Un premier album solo pour un artiste lyrique, c’est un peu comme une carte de visite. C’est l’estampille qui vient introduire ses qualités vocales, son répertoire et même, dans certains cas, sa démarche artistique. Alors que certains optent pour une originalité désarmante (on passe entre autres au récent album d’Emily D’Angelo), d’autres préfèrent rester dans un répertoire « traditionnel » auquel ils apportent leur propre signature vocale.

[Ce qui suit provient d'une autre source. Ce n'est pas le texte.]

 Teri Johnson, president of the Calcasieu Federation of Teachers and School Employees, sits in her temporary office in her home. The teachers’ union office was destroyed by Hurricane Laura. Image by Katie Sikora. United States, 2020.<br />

Natif de l’archipel de Samoa, le ténor Pene Pati se classe dans cette dernière catégorie, sur son album au titre homonyme. Celui-ci est traversé de pages tirées d’opéras romantiques italiens et français à la fois connus et un peu plus obscurs, allant de Verdi à Gounod en passant par Rossini et Godard. Remarqué en 2017 pour sa performance dans Rigoletto avec l’Opéra de San Francisco, Pati revêt de nouveau les habits du Duc de Mantoue en ouverture de l’album. Avec l’indémodable La donna è mobile, c’est surtout l’air Possente amor qui capte notre attention dans ces premières plages. L’énergie et la fougue que Pati déploie avec grande aisance culminent, dans la cadence finale, par un contre-ré surprenant et étincelant. Après cette salve énergétique, le ténor samoan passe dans un registre plus introspectif et sentimental. En témoigne l’autre classique qu’est Una furtiva lagrima, tiré de L’elisir d’amore de Donizetti. Ou encore Ah! Lève-toi soleil de Roméo et Juliette de Gounod, où il fait ressortir son médium chaleureux et des aigus sensibles. Pati conclut son album dans la même sensibilité avec la fameuse berceuse tirée de l’opéra Jocelyn de Benjamin Godard, à l’esthétique mystique.

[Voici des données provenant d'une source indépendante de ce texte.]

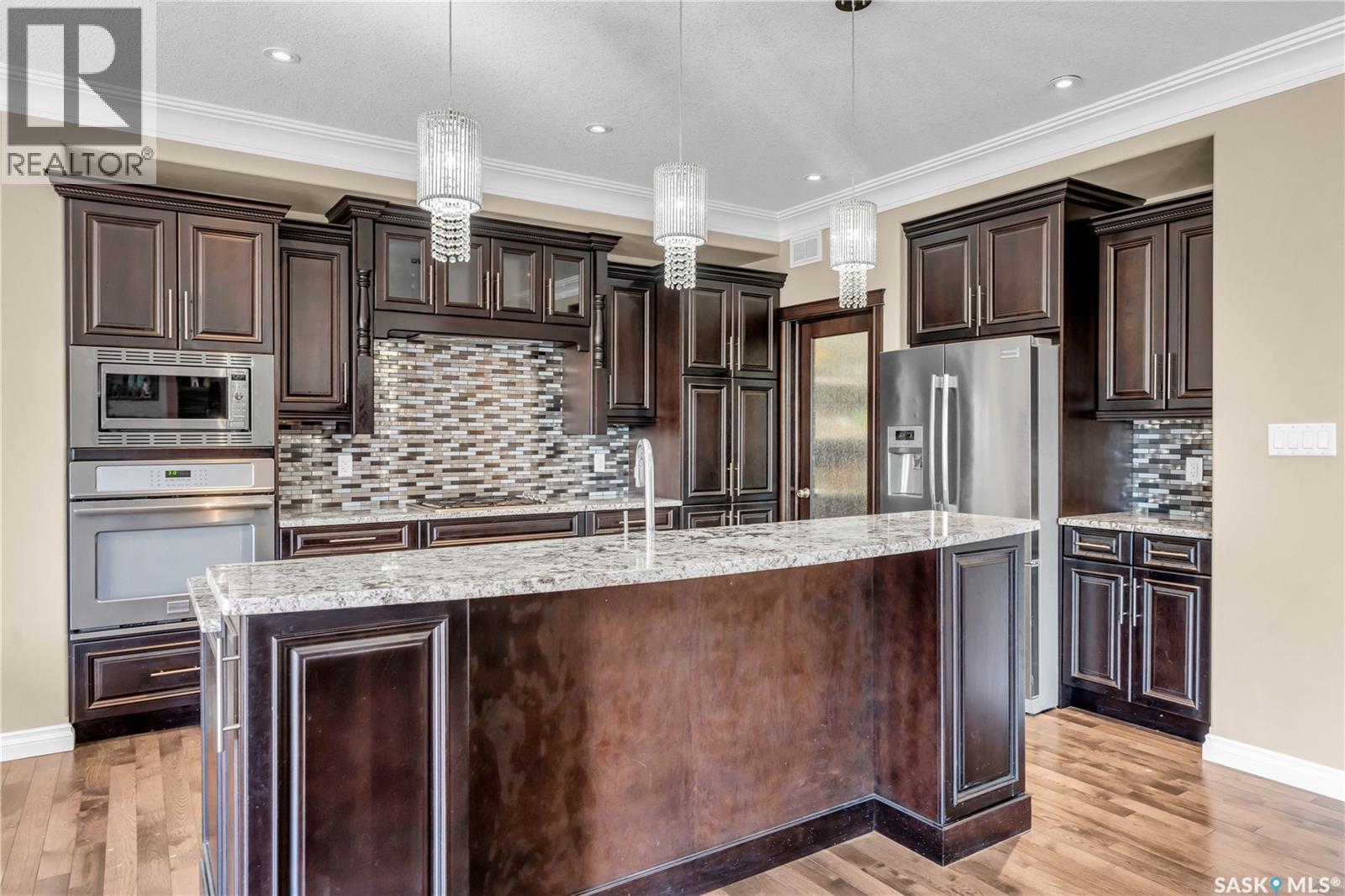 3969 Sandhill Crescent, Regina, SK - Indoor Photo Showing Kitchen With Stainless Steel Kitchen With Upgraded Kitchen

Sans être révolutionnaire dans son approche, Pene Pati, accompagné par les musiciens de l’Orchestre National Bordeaux Aquitaine sous la direction d’Emmanuel Villaume, livre un hommage senti et cohérent au répertoire lyrique français et italien dans lequel il excelle et trouve son plaisir. Assurément une voix à surveiller.